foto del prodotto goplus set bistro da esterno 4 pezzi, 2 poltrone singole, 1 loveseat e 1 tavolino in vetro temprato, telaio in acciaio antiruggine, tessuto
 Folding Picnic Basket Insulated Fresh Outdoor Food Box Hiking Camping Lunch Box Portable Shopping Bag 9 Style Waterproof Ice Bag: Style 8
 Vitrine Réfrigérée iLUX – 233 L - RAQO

•••••

Write each line above out exactly.

# Written reply
foto del prodotto goplus set bistro da esterno 4 pezzi, 2 poltrone singole, 1 loveseat e 1 tavolino in vetro temprato, telaio in acciaio antiruggine, tessuto
 Folding Picnic Basket Insulated Fresh Outdoor Food Box Hiking Camping Lunch Box Portable Shopping Bag 9 Style Waterproof Ice Bag: Style 8
 Vitrine Réfrigérée iLUX – 233 L - RAQO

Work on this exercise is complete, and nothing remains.